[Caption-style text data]
------------------------------------------------------------
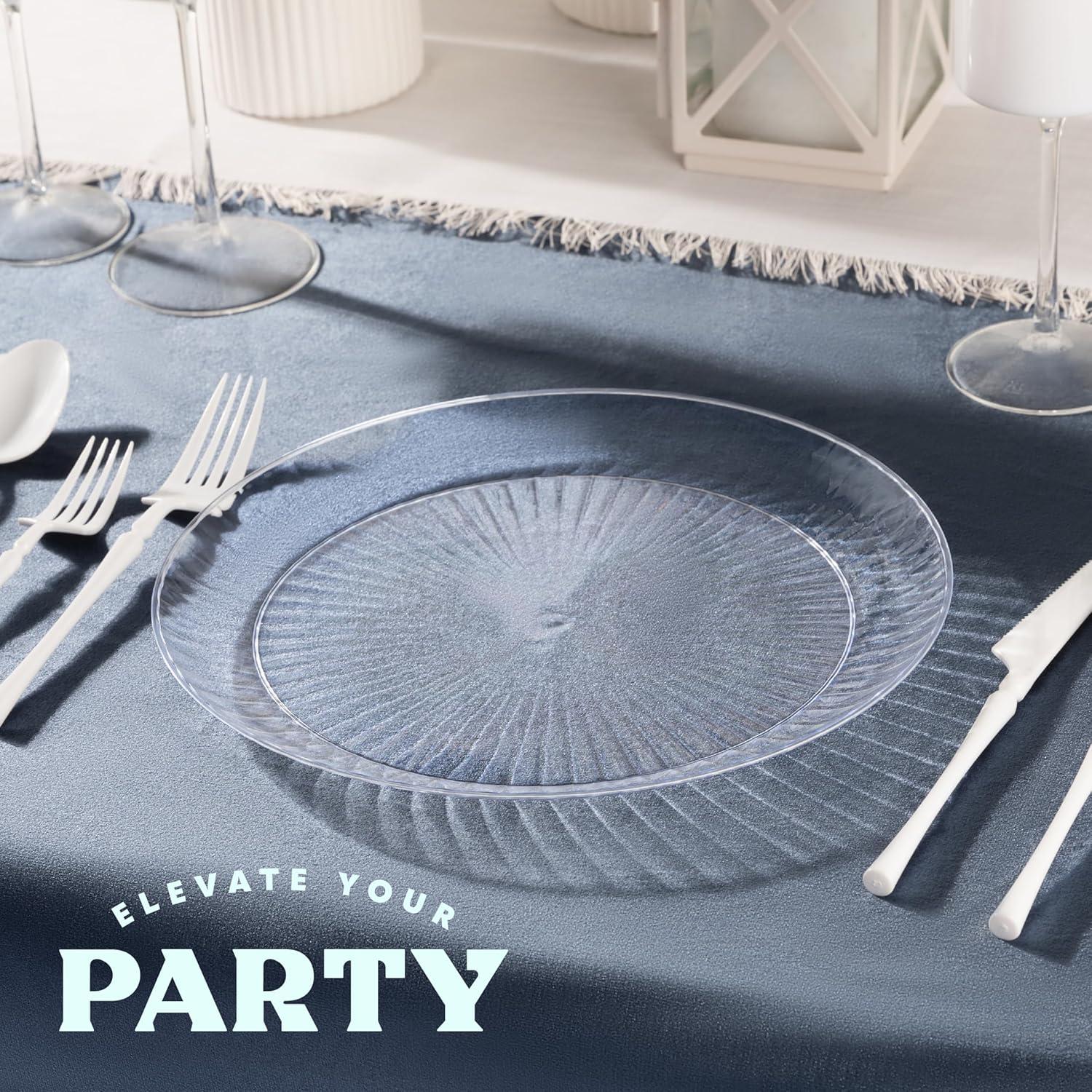 PLASTICPRO 30 Pack Crystal Like Clear Disposable 10 inch Plastic Plates Dinner Dishes Plates for Special Occasions Parties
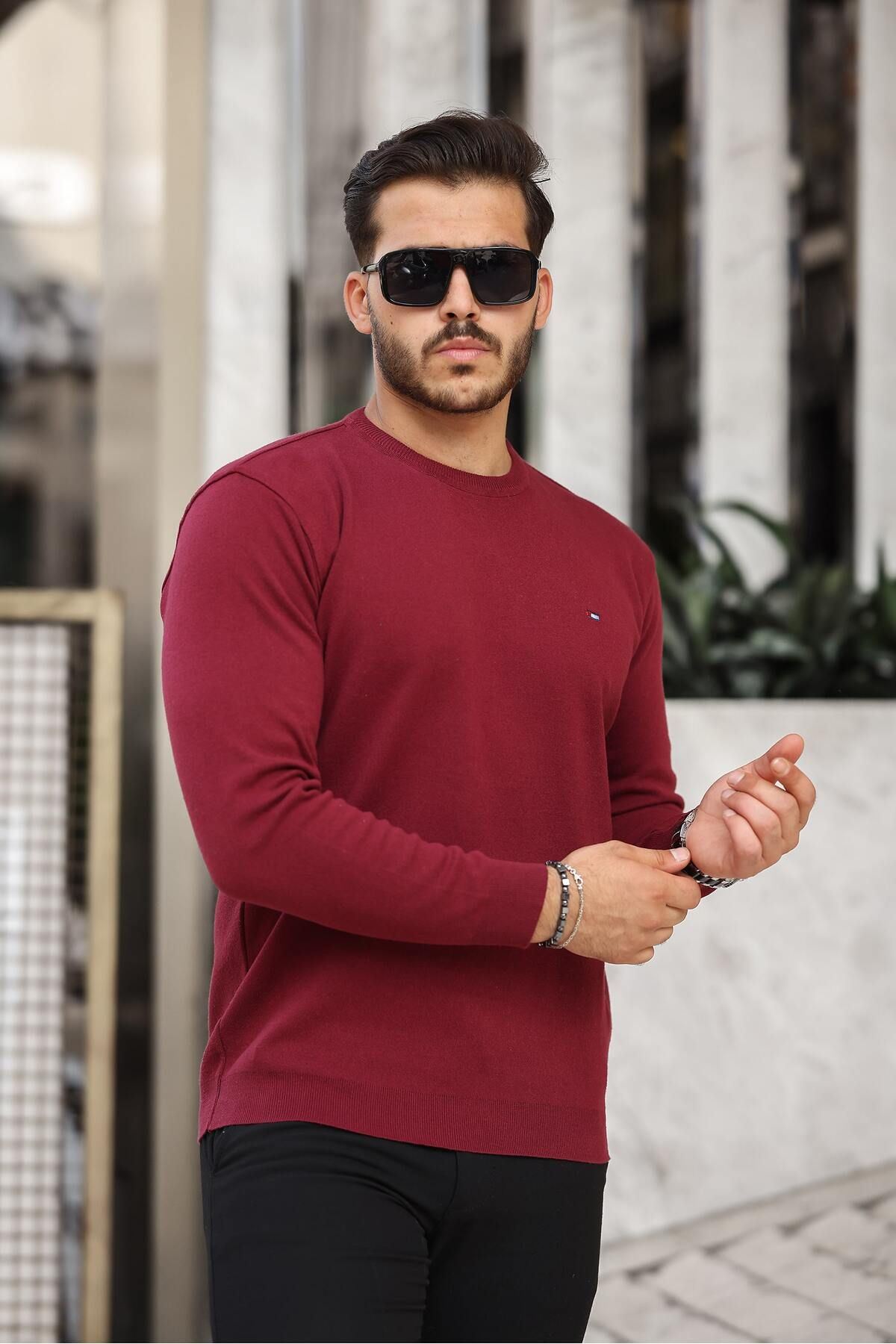 Erkek Sıfır Yaka Pamuklu Triko Kazak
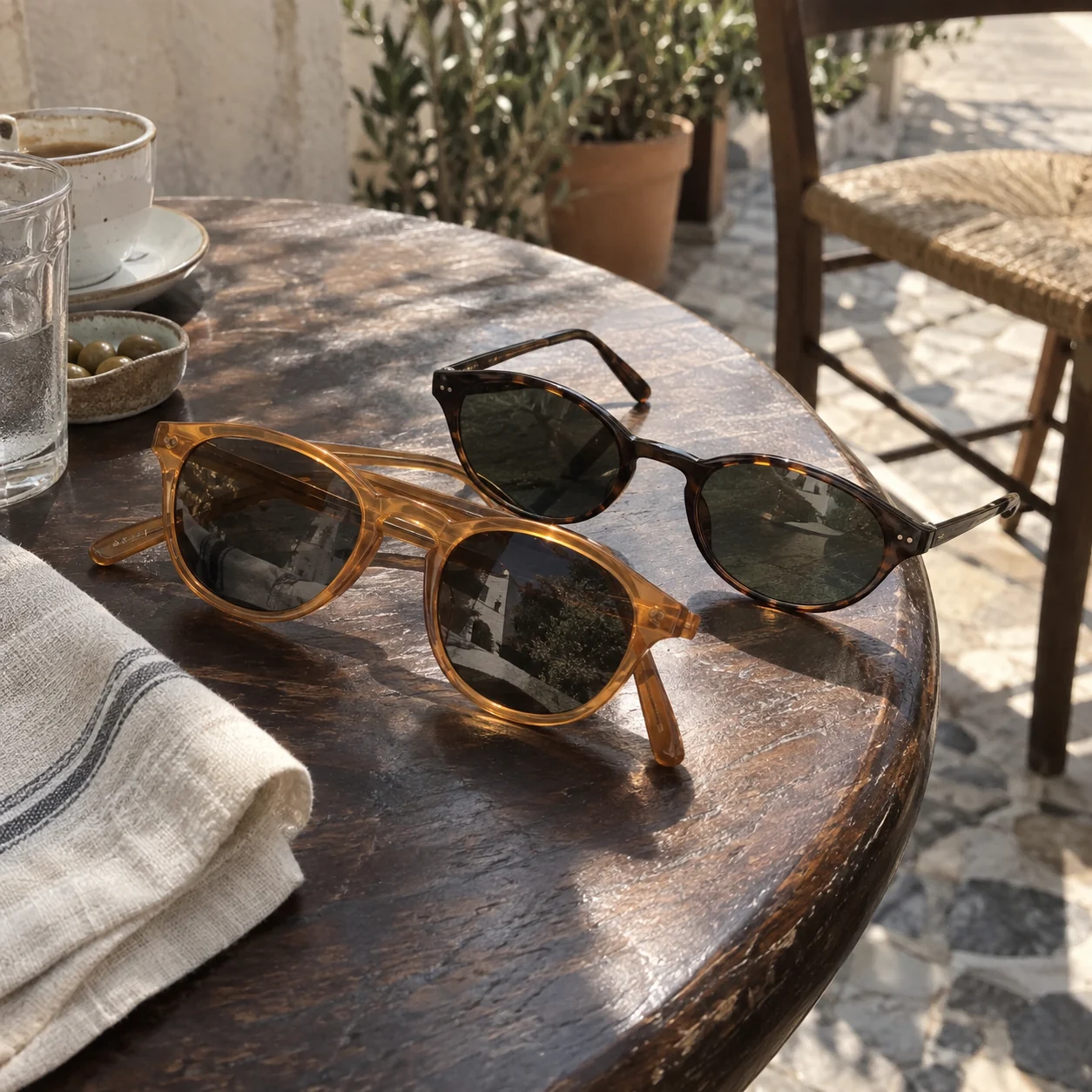 Dos pares de gafas de sol descansan sobre la mesa de una terraza.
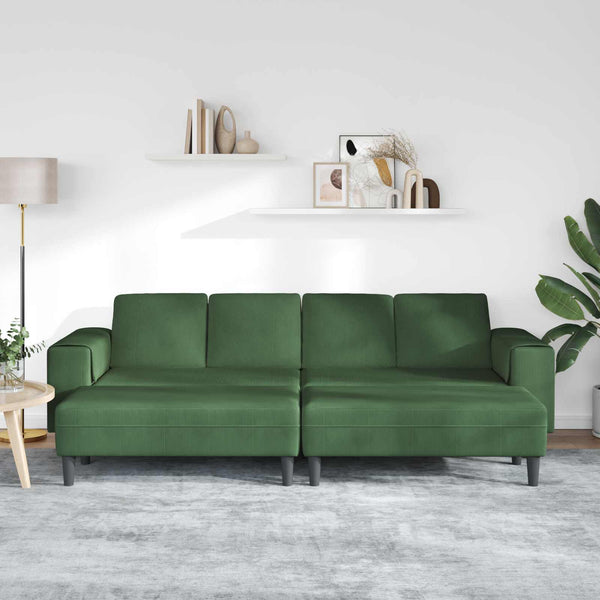 Dunkelgrünes Cord Sofa 250 cm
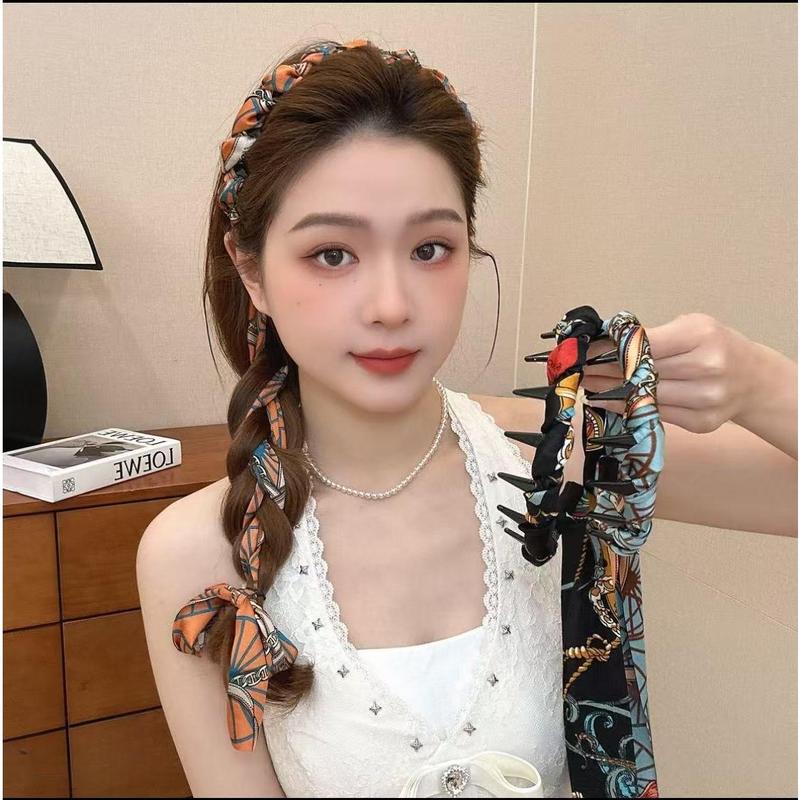 Băng Đô Ruy Băng Chống Trượt Phong Cách Cổ Điển Mới Băng Đô Tóc Buộc Tóc tết Phong Cách Cao Cấp Và Sành Điệu Kèm Phụ Kiện Tóc Như Kẹp Tóc Và Khăn Quàng Cổ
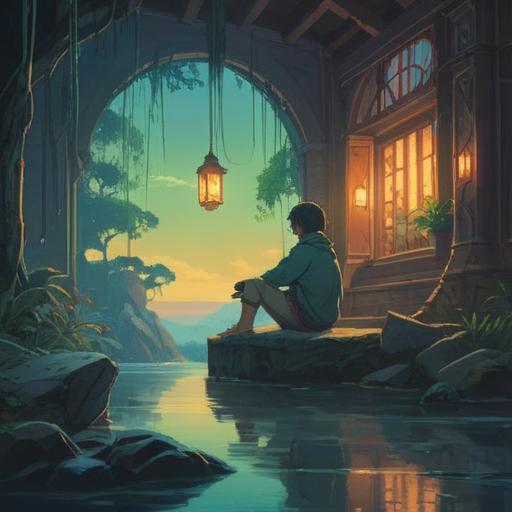 A reflective and introspective scene, an individual sitting alone in a serene environment, capturing a moment of contemplation, ethereal light illuminating subtle signs in nature, symbolic imagery such as feathers or crystals, gentle breeze suggesting change, tranquil atmosphere, a sense of unease yet clarity, soft focus, vibrant yet soothing colors, emphasizing the spiritual connection and inner awareness, 4k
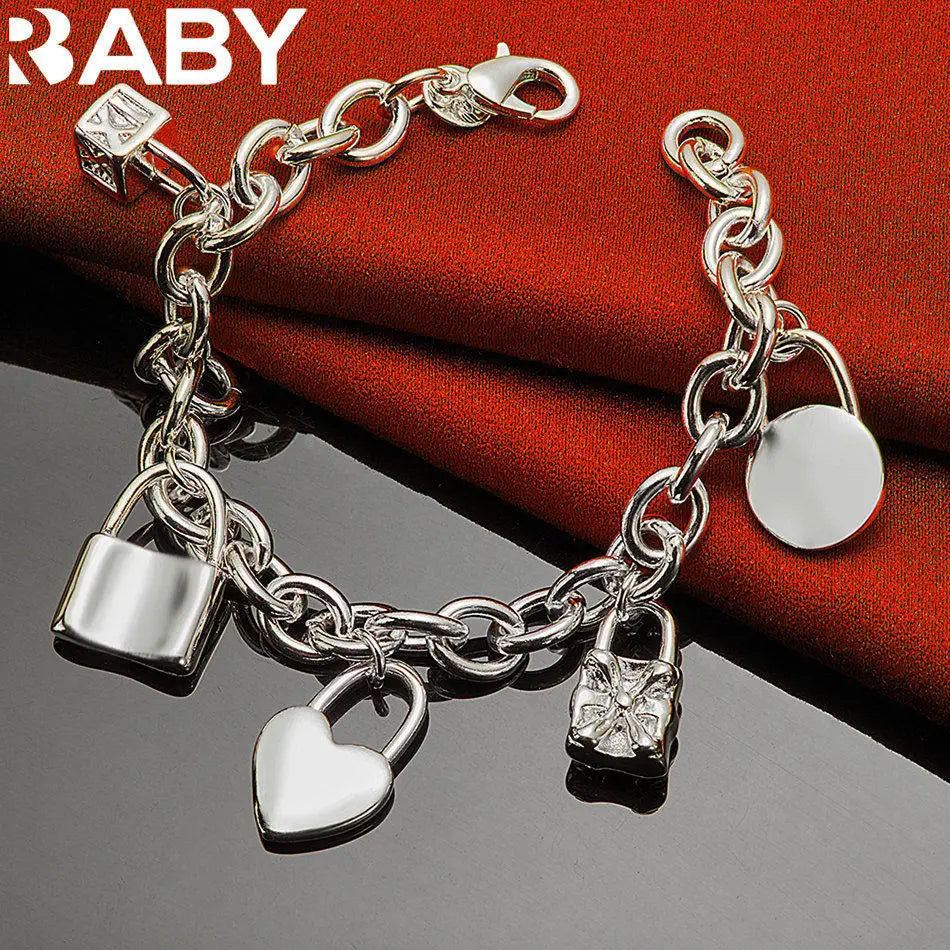 URBABY 925 Sterling Silber Schloss Anhänger Armbänder für Frauen Hochzeit Party Jahrestag Geschenk Mode Edler Schmuck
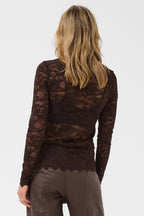 Cream CRPitia java brown lace blouse at OSO Boutique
------------------------------------------------------------
» **EXERCISE BRIEF**: Would you mind repeating the records above exactly, without the pictures?

» **EXERCISE RESULT**:
 PLASTICPRO 30 Pack Crystal Like Clear Disposable 10 inch Plastic Plates Dinner Dishes Plates for Special Occasions Parties
 Erkek Sıfır Yaka Pamuklu Triko Kazak
 Dos pares de gafas de sol descansan sobre la mesa de una terraza.
 Dunkelgrünes Cord Sofa 250 cm
 Băng Đô Ruy Băng Chống Trượt Phong Cách Cổ Điển Mới Băng Đô Tóc Buộc Tóc tết Phong Cách Cao Cấp Và Sành Điệu Kèm Phụ Kiện Tóc Như Kẹp Tóc Và Khăn Quàng Cổ
 A reflective and introspective scene, an individual sitting alone in a serene environment, capturing a moment of contemplation, ethereal light illuminating subtle signs in nature, symbolic imagery such as feathers or crystals, gentle breeze suggesting change, tranquil atmosphere, a sense of unease yet clarity, soft focus, vibrant yet soothing colors, emphasizing the spiritual connection and inner awareness, 4k
 URBABY 925 Sterling Silber Schloss Anhänger Armbänder für Frauen Hochzeit Party Jahrestag Geschenk Mode Edler Schmuck
 Cream CRPitia java brown lace blouse at OSO Boutique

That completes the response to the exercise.